Teniendo en cuenta el desplome de la natalidad -las mujeres tienen menos hijos, retrasan la edad para tenerlos y la tasa de fertilidad es sólo 1 hijo cuando la tasa de reposición es de 2,1- y el natural envejecimiento de los nativos, el saldo migratorio se convierte y es, con gran diferencia, el factor que explica y determina la enorme cifra de los nuevos residentes de otras comunidades españolas y además de nacionalidades muy diversas: Marroquíes, Italianos, R. Unido, Alemanes, Asiáticos, Colombianos, Rumanos, Argentinos, Franceses, Búlgaros, Ecuatorianos o Senegaleses, en este orden (extranjeros residentes 2022 INE). En la primera década de este siglo (2001-2010) apareció pues, y cada año, una «nueva población» de 26.000 habitantes, es decir 1,7 veces mayor que Sa Pobla o Sóller, un crecimiento que se frenó con la crisis económica y la pandemia, pero que en los últimos años (2023-2024) vuelve a superar los 20.000 nuevos residentes anuales. Y todos ellos necesitan un hogar (un hogar cada 2,4 personas), automóviles, transporte público, colegios para sus hijos, centros de salud, hospitales, agua y energía. La demografía es el destino.

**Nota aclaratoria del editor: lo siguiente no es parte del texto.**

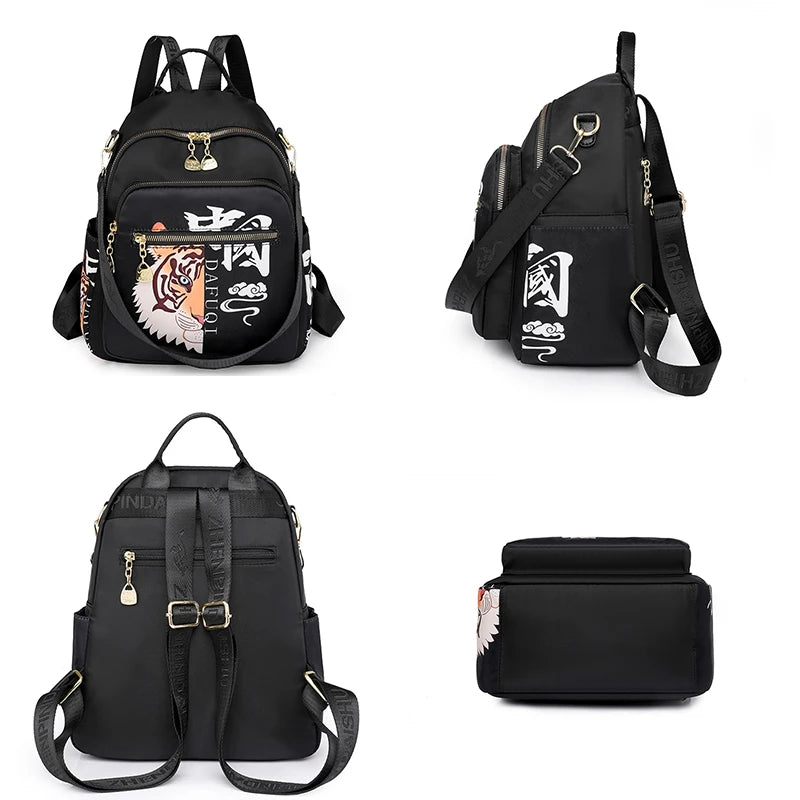 Chinoiserie Nylon Cloth Backpack Women Fashion Waterproof School Bags  Multifunction Wear-Resistant Multiple Pockets Travel Bag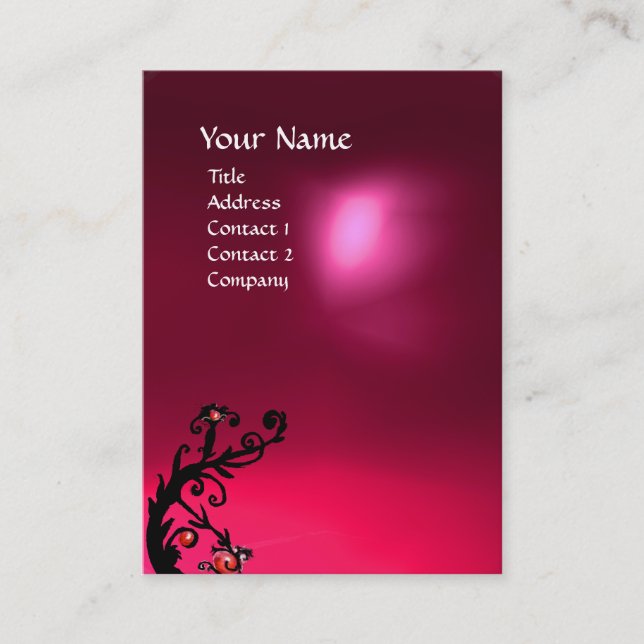 MAGIC BERRIES PINK FUCHSIA RUBY MONOGRAM VISITENKARTE (Vorderseite)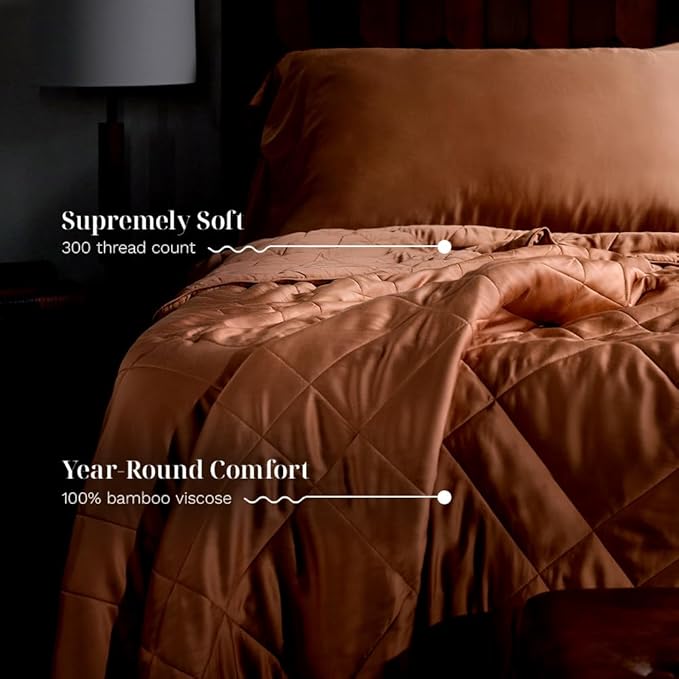 LUXOME Lightweight Blanket | 100% Rayon from Bamboo Fabric & Fill | Full/Queen - Image 3
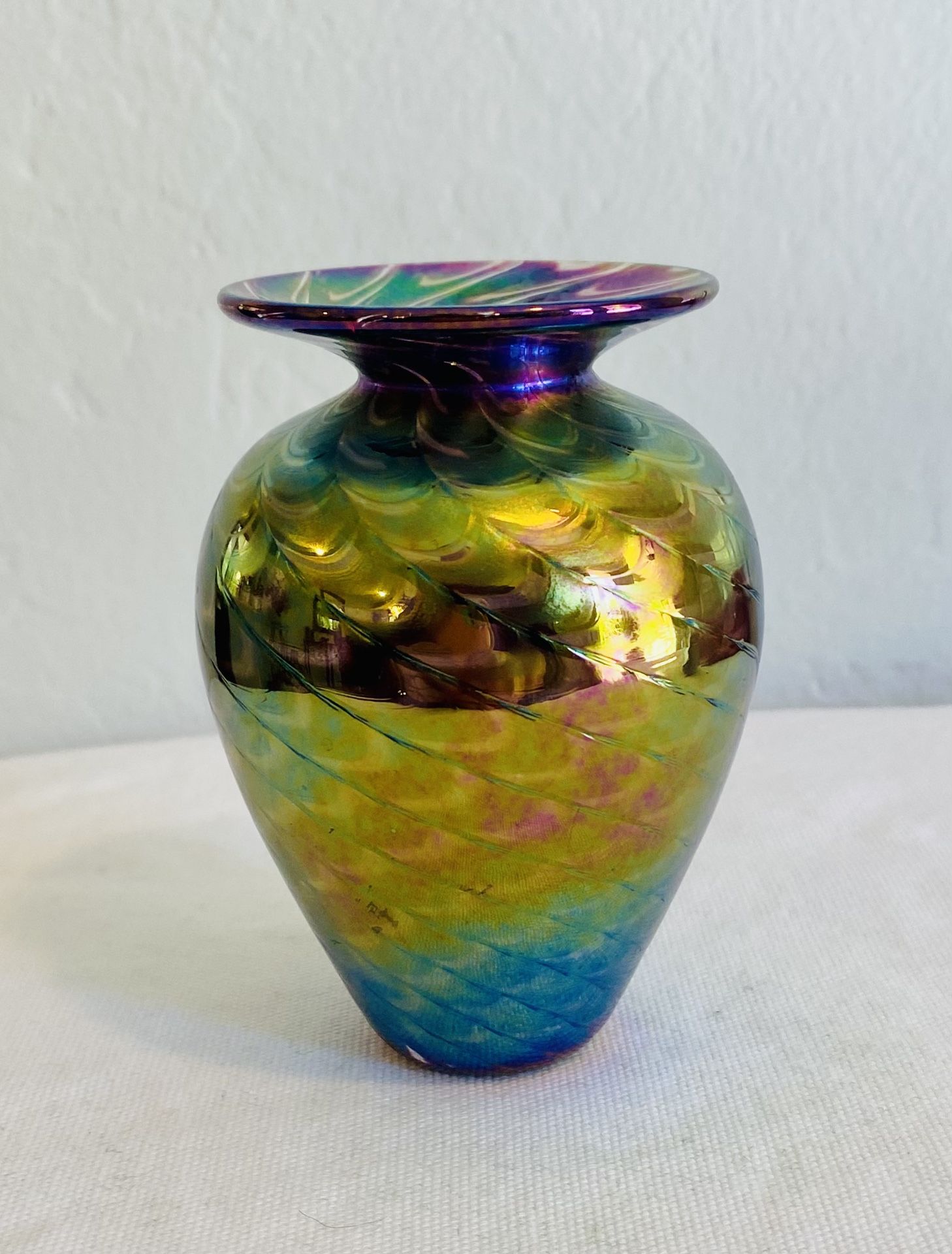 Glass Eye Studio Iridescent Hand Blown Pulled Feather Vase Signed/Dated VINTAGE!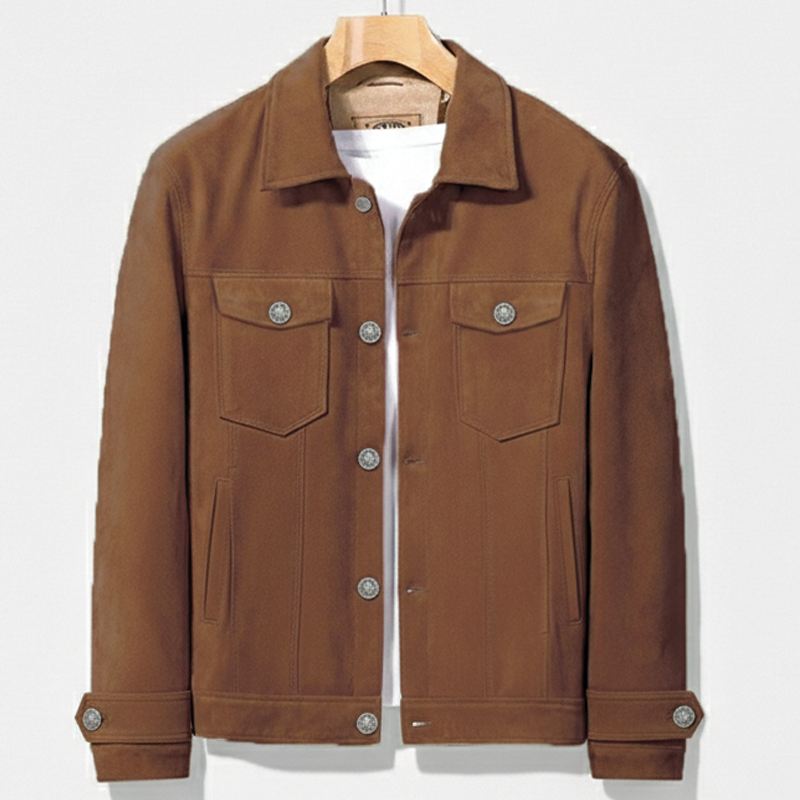 Men's brown premium suede jacket tailored slim fit with subtle patina finish for everyday style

Así pues, en esta particular simbiosis, en esta estructura económica insular (Comercio, Restauración, Hostelería y actividad inmobiliaria) radican hoy las fortalezas de nuestra economía – su crecimiento económico- y, al mismo tiempo sus principales debilidades –caída del PIB por habitante, poder de compra e impacto medioambiental, cultural y necesidades crecientes de servicios públicos fundamentales. Las dos caras de la misma moneda, la cara y la cruz de los 42 mil millones de euros que circulan, cada año, por las venas de nuestra economía y que no podemos ver al mismo tiempo, salvo que nos miremos en el espejo.